THE EMERGING PATTERN of wage settlements gives some hope of progress in the struggle to bring down the inflation rate. The evidence is still preliminary--the recent economic downturn and the fortunate but perhaps temporary stability in oil and farm prices accounted for most of the drop in inflation over the last year--but the assumption that wages must rise steadily and automatically seems, at least, to be in question. This point is crucial because while wage increases did not start this cycle of inflation, they are the mechanism by which it is perpetuated.
Thus far, total labor cost increases remain above the most optimistic forecasts of productivity gains. Gains in pay and benefits that are not offset by greater output per worker necessarily add to prices. Higher prices, in turn, promote demands for further wage increases in the next year and so on.
Still, there are signs of softening in organized labor's normal resolve to catch up with past losses and gain more besides. The years of economic stagnation since the first OPEC oil shock, the increasing inroads by foreign competitors and the dawning realization that the heyday of some basic industries is permanently passed have even made some job-threatened workers willing to accept cutbacks in previously bargained wages and benefits.
Worker concessions have mostly been confined to single plants or companies on the verge of closing. This is not an uncommon pattern for recessionary periods and in the past such give-backs have not proved to be trend-setting. There is an important difference this time, however, in the expressed willingness of powerful labor unions-- notably the United Auto Workers--to renegotiate major industry contracts. It is also possible that labor's new willingness to tailor contract terms to the particular conditions of individual companies may erode the practice of industry-wide settlements that has boosted average wages in recent years.
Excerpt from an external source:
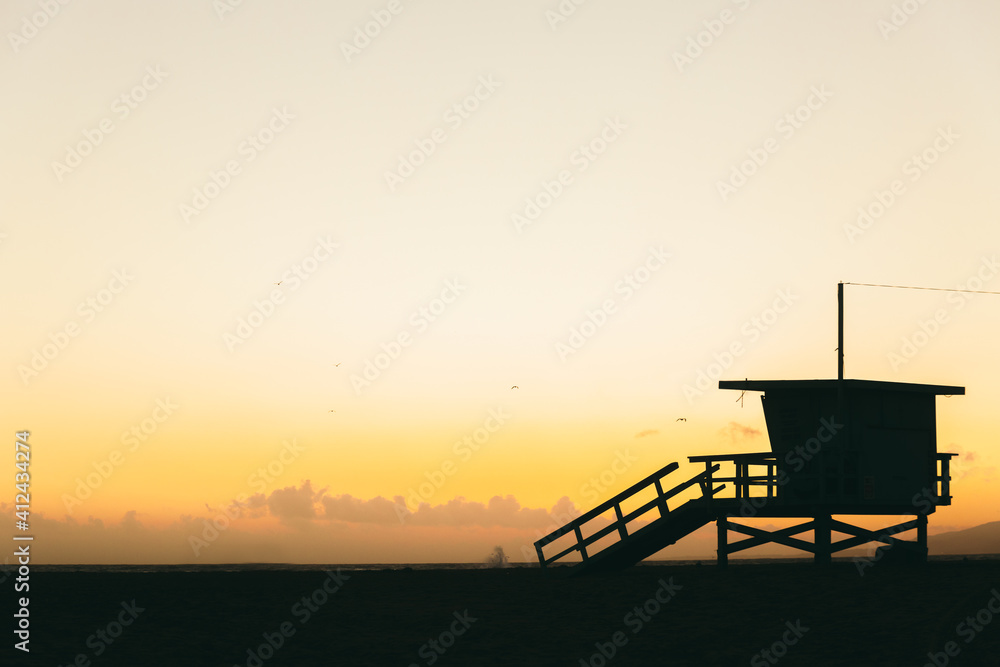 Silhouette of lifeguard cabin at sunset Silhouette of lifeguard cabin at sunset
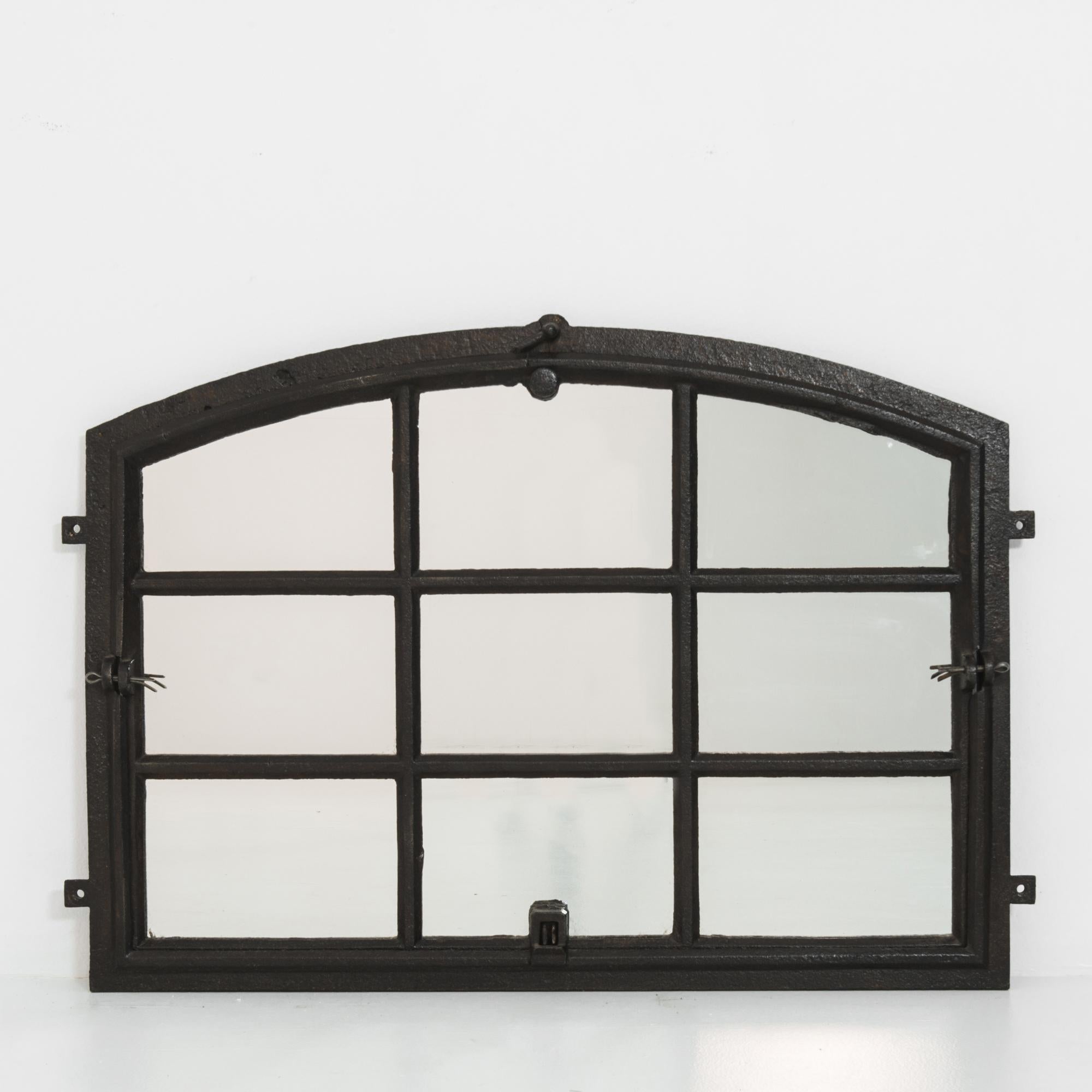 A 1920s cast iron mirror from Central Europe. Originally a factory window, the dark color and solid heft of the metal create an impressive sense of presence. The gridded panes are crowned by a wide arch; iron hinges and window fastenings provide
A pattern of concessions--or at least moderated demands--would be particularly important in the coming year in which multi-year contracts covering about 40 percent of unionized workers are up for renegotiation. Most workers aren't unionized, but major union negotiations indirectly influence compensation practices for other workers, particularly those in companies resisting unionization.
It's too soon to tell whether next year's negotiations will make a real dent in the base inflation rate. Some tightening of work rules and trimming of benefits can be expected, but the unions may demand expensive guarantees of job security as well as a stronger role in management in exchange for any rollbacks in basic compensation. Union attitudes are also likely to be influenced by the extent to which workers feel that they have a fair share in the benefits of the administration's economic program. If the renegotiation process works well, however, it could provide real progress in controlling inflation. It could also provide a basis for more permanent cooperation between management and labor in revitalizing American industry.